Table 1 shows that the composite molding according to FIG. 4 is stronger Inclination of the projection than the known part of Fig. 3 with a single through hole results, although the part of Fig. 4 has a plurality of through bores.

The composite molding according to the invention according to FIG. 8 has a noticeable Difference in the inclination of the projection compared to the part of Fig. 4. The Vertical alignment accuracy is after molding and also after expiration consider for a longer period of time. Since the inventive part of FIG. 8 a significant has a simpler structure compared to the known part of Fig. 4, is simultaneously a non-uniform distribution of the residual stress, which is characterized by the non-uniform Plastic flow and its uneven cooling results, avoided, thereby increasing Accuracy of the vertical alignment is guaranteed.

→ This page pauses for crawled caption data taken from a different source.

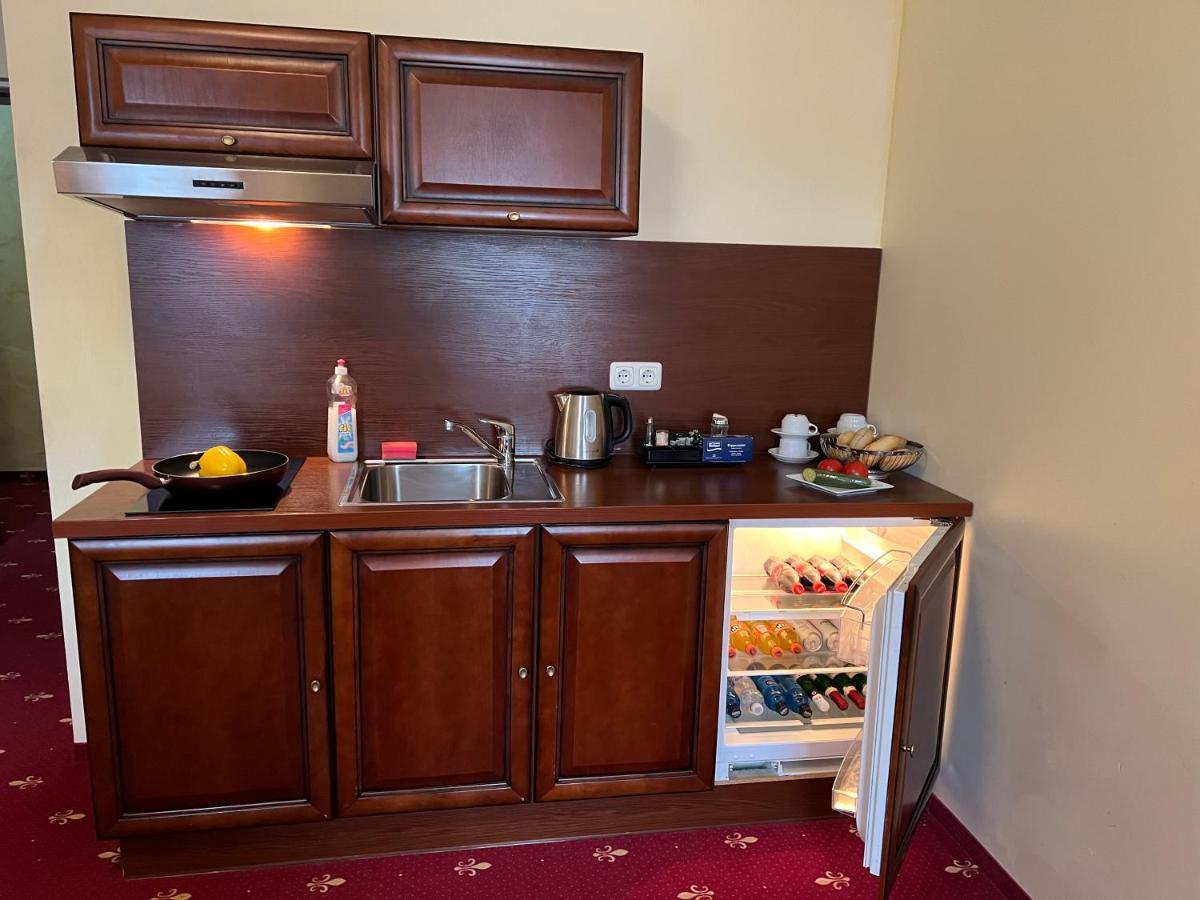 Hotel Medaillon 마그데부르크 외부 사진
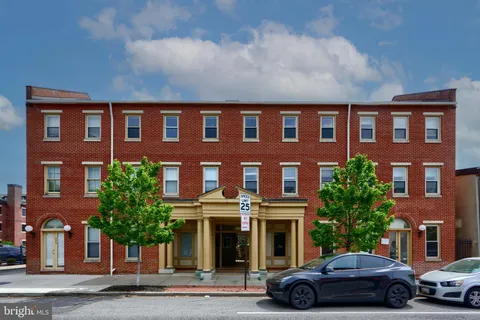 723 Charles Street S Unit 202, Baltimore, MD MLS: MDBA2165606
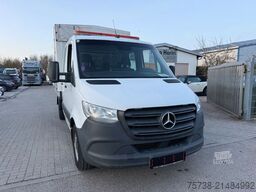 MERCEDES-BENZ Sprinter 319 CDI V6 Pritsche+Plane/DoKa/Klima
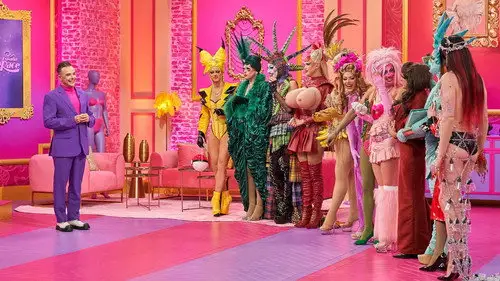 Drag Race España Temporada 4 Episodios 1 • Sub Español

The composite molding according to the invention, in which the central through hole is directly under the plastic projection, with the additional on the circumference Through holes are arranged on the circle, the distance fluctuations can between the plastic protrusions decrease as the tension through the plastic g] is distributed in a calibrated manner, which fills the central through-hole.

not essential because of the presence or the unity of the central ones Affects through hole.

When the central hole immediately below the plastic protrusion provided affects the ratio DG of the projected or reflected Area of the central through hole based on the surface of the metal plate on the projected area of the plastic flange the accuracy of the vertical Alignment # / h or the plastic projection strong. In this case it will be a good one Vertical alignment accuracy is obtained by using a steel plate a thickness of over 2 mm is used as the metal plate, with a diameter for any hole that is no smaller than 3 mm is used. The ratio bc becomes maintained so that it falls within a range of not more than 1/15.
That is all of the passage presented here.